Goal of the exercise
Within the listing that follows, reproduce exactly the lines starting at the line with "before and after" and ending at the line with "1A - špičkové", inclusive, and only those. Pictures are dropped.
*** Begin section ***
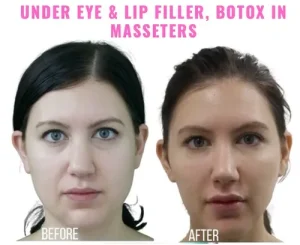 lip filler swelling recovery
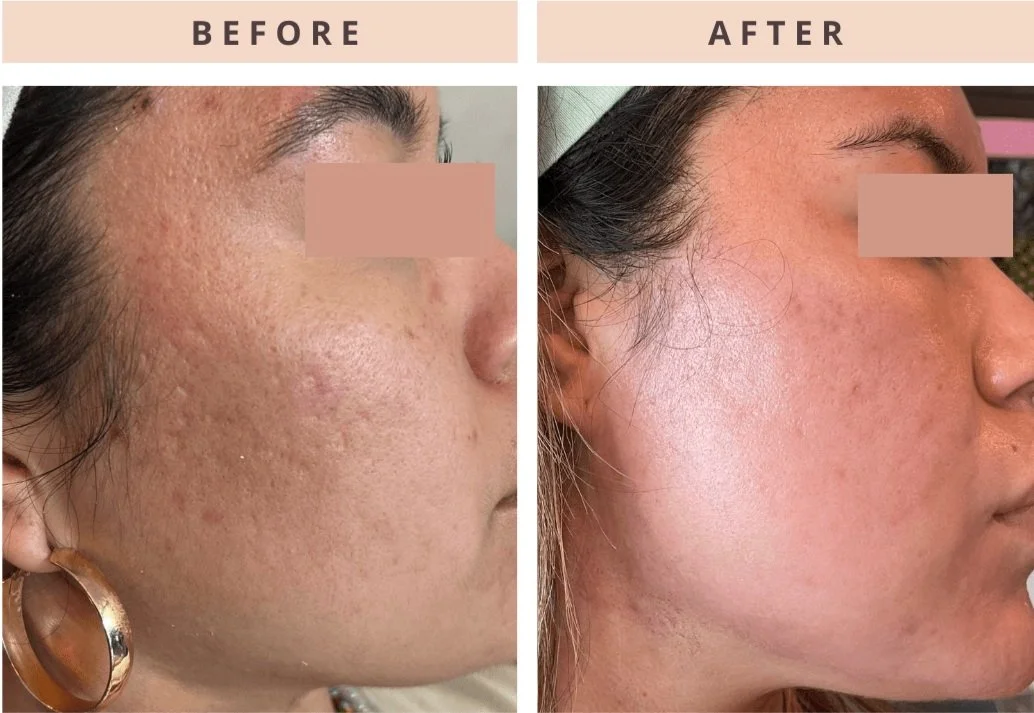 Before & After CoolPeel Acne Scars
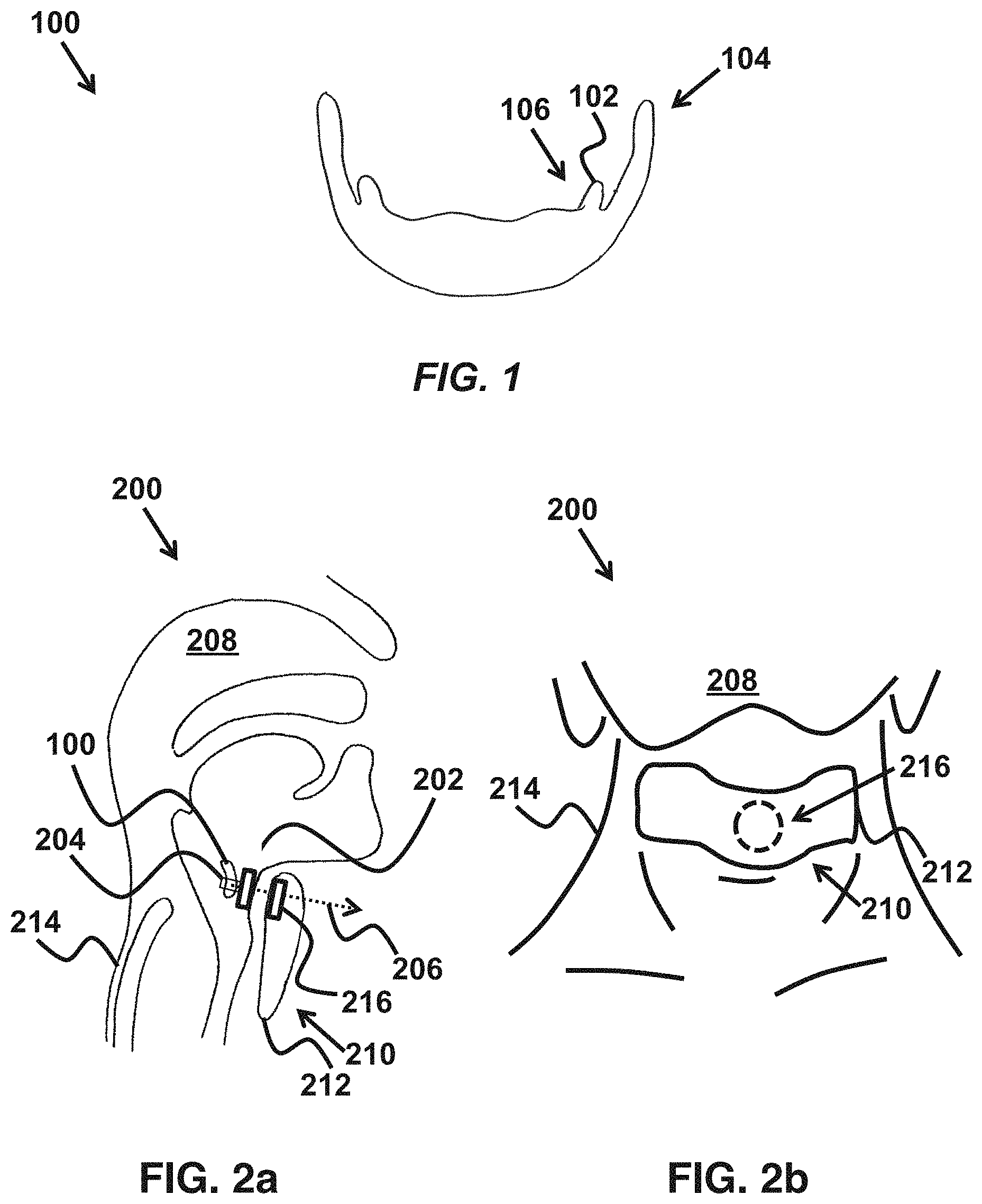 Patent US11779487 — Device and method for correcting obstructive sleep apnea — Figure 1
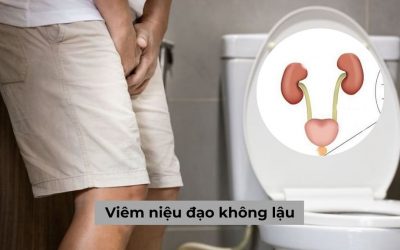 Viêm niệu đạo không lậu là gì? Triệu chứng & Cách điều trị dứt điểm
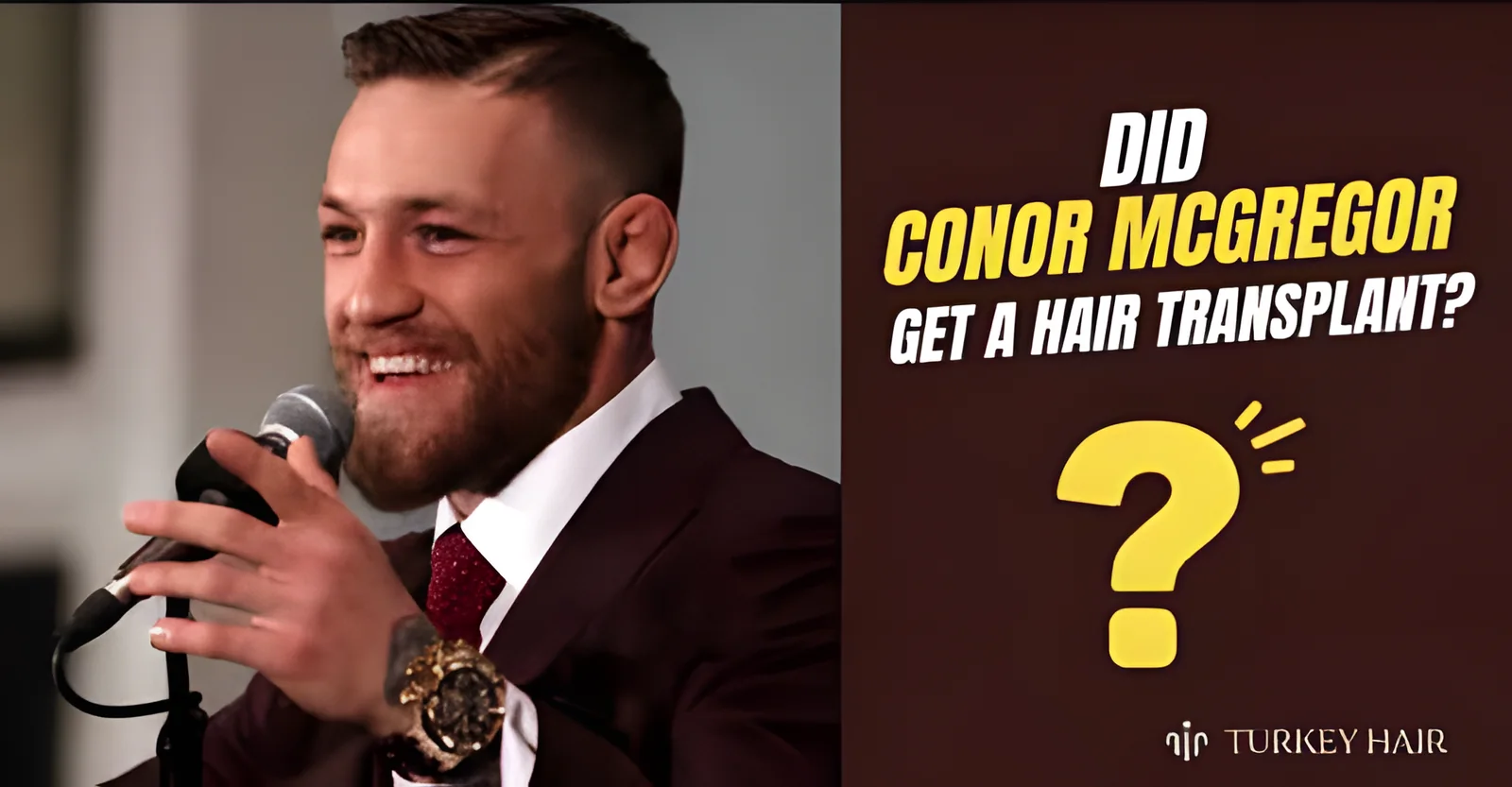 Did Conor McGregor Get a Hair Transplant? Expert Hairline Review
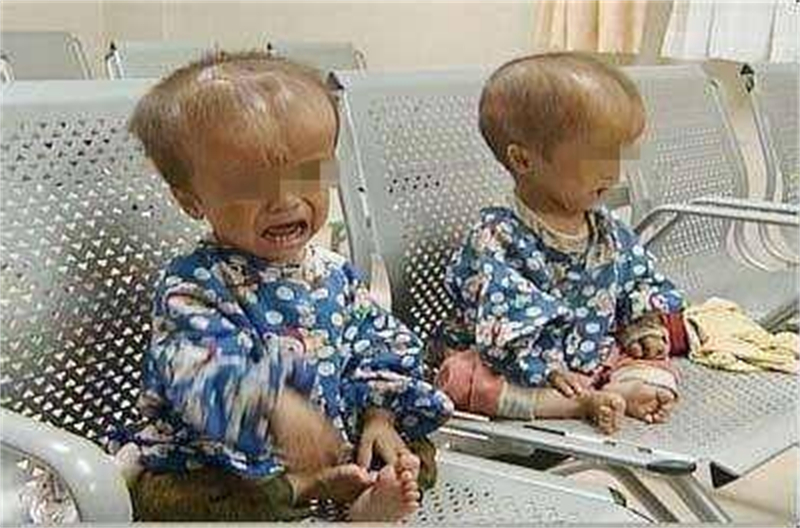 三聚氰胺事件14年，被奶粉毒害的孩子现在怎样了？透析才能活下去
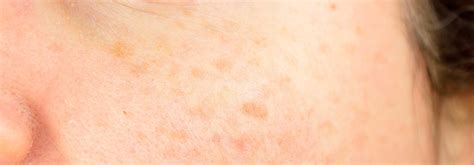 Sun Damaged Skin Treatment Vitalskin Dermatology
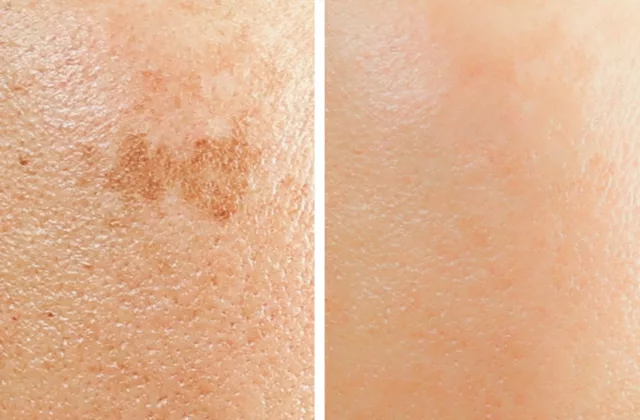 before and after chemical peel to treat hyperpigmentation and uneven skin texture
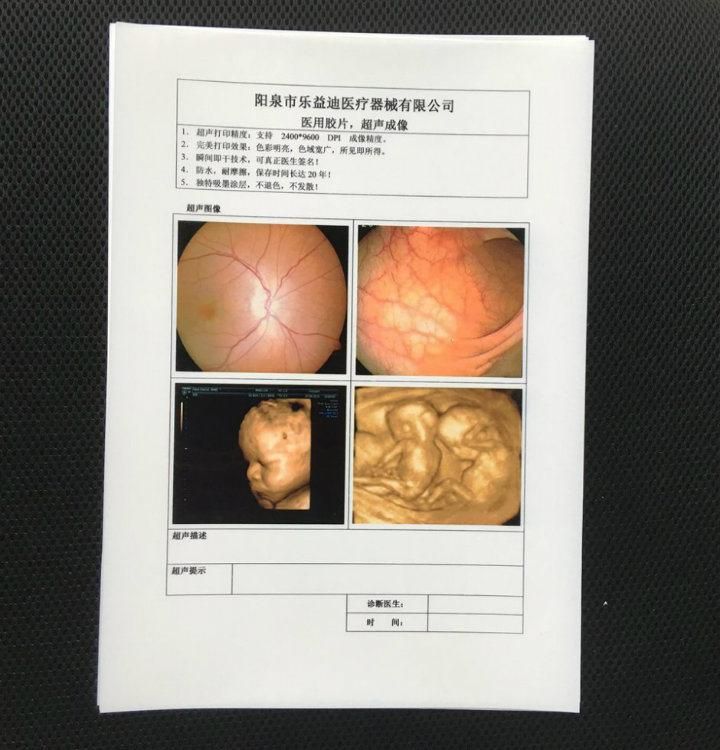 Hospital Usage A4 White Medical Dry Ultrasound X-ray Film / Pet Film
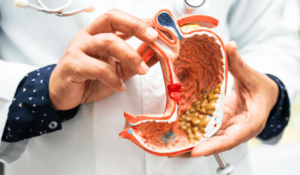 What are the risk factors for chronic kidney disease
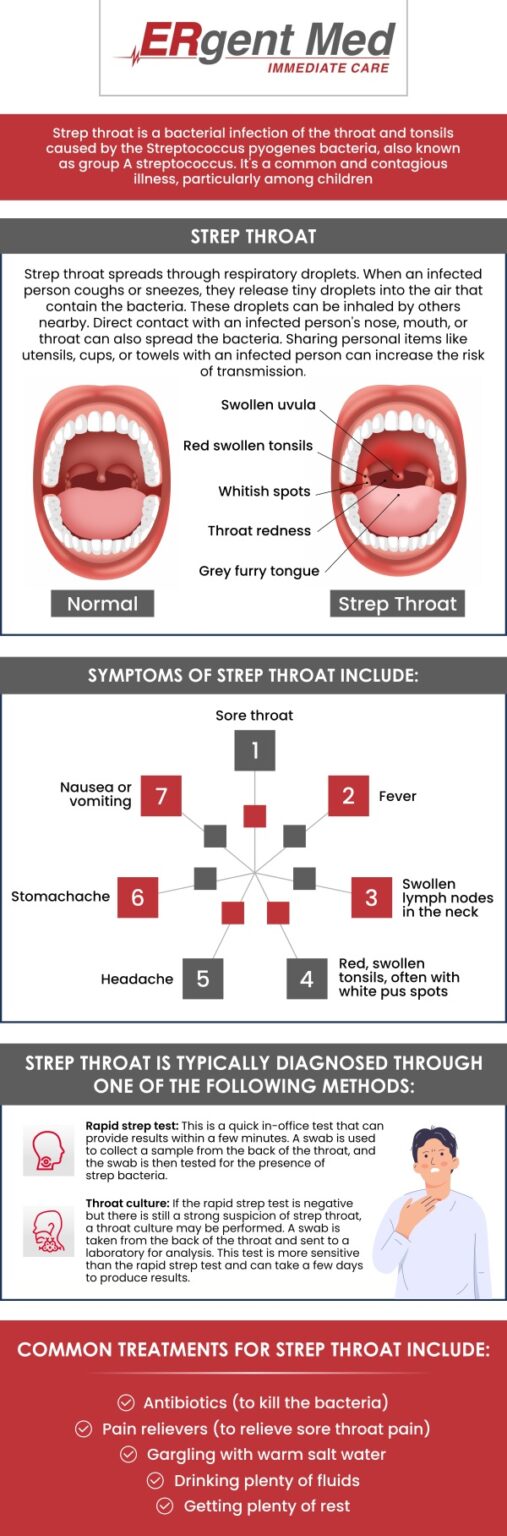 Strep Throat Treatment in St. Simons Island, GA | Dr. Michael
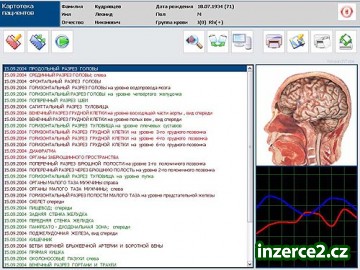 1A - špičkové vyšetření NLS diagnostikou METATRON Hunter_2 111924_2.jpg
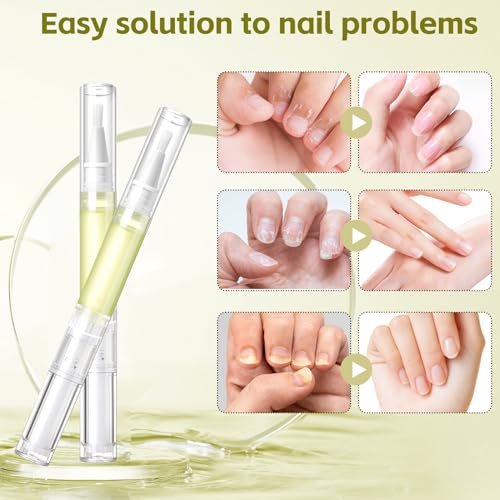 Nailz Nail Growth Pen Set - Radiant Nail Growth Oil, Cuticle Oil for Nails, Nail Strengthener, Moisturizing & Nourishing Pen for Finger Edge Manicure (4-Pack) Avelisse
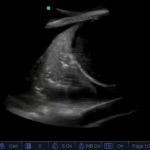 lung ultrasound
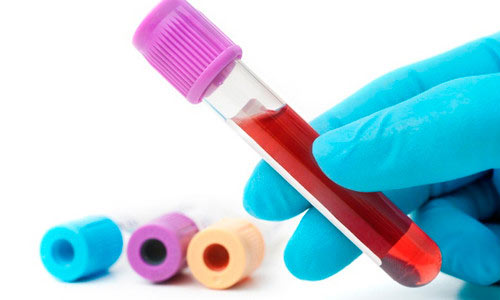 Кровь на анализ Кровь на анализ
*** End section ***
Written answer
 before and after chemical peel to treat hyperpigmentation and uneven skin texture
 Hospital Usage A4 White Medical Dry Ultrasound X-ray Film / Pet Film
 What are the risk factors for chronic kidney disease
 Strep Throat Treatment in St. Simons Island, GA | Dr. Michael
 1A - špičkové vyšetření NLS diagnostikou METATRON Hunter_2 111924_2.jpg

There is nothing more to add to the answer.